Pour résumer, les maires ne disposent donc pas à ce jour de la compétence juridique pour décider de l’ouverture de tel ou tel commerce fermé par l’État pendant l’état d’urgence sanitaire et ne peuvent pas alléger les mesures d’interdiction étatique au titre de leur pouvoir de police même au nom du principe d’égalité, compte tenu de la situation sanitaire.

Nous partageons les craintes et le sentiment d’injustice des petits commerçants. Mais il n’en demeure pas moins que les arrêtés municipaux édictés récemment pour rouvrir des petits commerces pendant le reconfinement sont en l’état tous illégaux.

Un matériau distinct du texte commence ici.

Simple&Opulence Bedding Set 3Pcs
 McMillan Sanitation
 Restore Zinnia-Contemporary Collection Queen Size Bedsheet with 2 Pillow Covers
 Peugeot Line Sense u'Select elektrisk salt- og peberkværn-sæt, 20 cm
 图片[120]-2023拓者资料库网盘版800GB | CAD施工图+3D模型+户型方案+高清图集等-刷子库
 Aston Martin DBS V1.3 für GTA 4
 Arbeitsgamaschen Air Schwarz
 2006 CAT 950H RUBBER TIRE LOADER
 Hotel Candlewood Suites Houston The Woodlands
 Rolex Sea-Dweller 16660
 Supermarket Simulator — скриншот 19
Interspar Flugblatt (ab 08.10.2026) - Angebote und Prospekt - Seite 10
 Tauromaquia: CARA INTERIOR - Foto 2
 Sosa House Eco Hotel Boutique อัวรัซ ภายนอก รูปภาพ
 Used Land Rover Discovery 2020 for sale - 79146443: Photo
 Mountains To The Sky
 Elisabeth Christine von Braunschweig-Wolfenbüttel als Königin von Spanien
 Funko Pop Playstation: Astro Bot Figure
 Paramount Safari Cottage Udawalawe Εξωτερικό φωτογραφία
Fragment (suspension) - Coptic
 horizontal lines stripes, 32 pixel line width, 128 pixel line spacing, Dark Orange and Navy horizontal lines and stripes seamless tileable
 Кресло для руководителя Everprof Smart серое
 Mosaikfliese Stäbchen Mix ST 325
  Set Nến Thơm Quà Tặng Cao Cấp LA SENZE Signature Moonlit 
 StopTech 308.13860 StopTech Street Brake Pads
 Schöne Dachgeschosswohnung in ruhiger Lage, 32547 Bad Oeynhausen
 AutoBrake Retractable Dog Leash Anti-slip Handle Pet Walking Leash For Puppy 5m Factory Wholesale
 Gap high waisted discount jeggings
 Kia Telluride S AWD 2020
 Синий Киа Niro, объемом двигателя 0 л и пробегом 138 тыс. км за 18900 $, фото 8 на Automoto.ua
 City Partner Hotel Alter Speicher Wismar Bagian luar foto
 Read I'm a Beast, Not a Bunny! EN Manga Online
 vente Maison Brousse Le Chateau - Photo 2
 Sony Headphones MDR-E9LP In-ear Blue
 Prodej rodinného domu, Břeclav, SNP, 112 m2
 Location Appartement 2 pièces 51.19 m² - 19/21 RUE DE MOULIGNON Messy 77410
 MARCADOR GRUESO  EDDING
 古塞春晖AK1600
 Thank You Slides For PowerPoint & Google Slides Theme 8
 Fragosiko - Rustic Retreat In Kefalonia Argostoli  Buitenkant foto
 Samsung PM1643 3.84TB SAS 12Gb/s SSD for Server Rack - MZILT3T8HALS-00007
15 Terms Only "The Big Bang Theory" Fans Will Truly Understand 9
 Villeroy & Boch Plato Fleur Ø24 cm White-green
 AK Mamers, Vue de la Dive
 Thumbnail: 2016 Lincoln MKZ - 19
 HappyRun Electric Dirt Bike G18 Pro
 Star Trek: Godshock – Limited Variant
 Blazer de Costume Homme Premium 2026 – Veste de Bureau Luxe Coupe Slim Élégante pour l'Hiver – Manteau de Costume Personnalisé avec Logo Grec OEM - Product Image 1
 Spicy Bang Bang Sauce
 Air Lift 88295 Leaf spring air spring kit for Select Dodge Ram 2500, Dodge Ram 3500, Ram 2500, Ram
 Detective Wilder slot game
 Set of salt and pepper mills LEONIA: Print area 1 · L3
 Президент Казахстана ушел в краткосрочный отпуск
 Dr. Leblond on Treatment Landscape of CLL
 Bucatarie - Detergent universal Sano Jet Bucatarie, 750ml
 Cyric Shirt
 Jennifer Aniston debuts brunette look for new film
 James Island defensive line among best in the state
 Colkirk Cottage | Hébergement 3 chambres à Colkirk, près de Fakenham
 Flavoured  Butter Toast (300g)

Les maires n’ont pas toute latitude pour agir, leurs actes étant soumis au contrôle de légalité de l’État via le Préfet. Il y a donc fort à parier que les déférés préfectoraux, permettant de porter des arrêtés municipaux illégaux devant le juge administratif, vont se multiplier. Dans ce cadre, même si certains tribunaux administratifs pourraient peut-être s’autoriser quelques libertés en première instance, le Conseil d’État maintiendra rapidement les interdictions d’ouverture des commerces décidées par l’État dans le cadre du reconfinement au détriment des petits commerçants sans qu’une rupture d’égalité puisse y faire obstacle. De la même manière, les référés libertés qui seront sans doute exercés dans les jours qui viennent par des commerçants souhaitant rouvrir seront rejetés par le juge administratif compte tenu des règles rappelées.

L'état du droit applicable, tel qu'interprété par les juges, ne joue donc pas en faveur des petits commerçants, auxquels nous adressons toute notre solidarité et notre sympathie dans ces temps difficiles.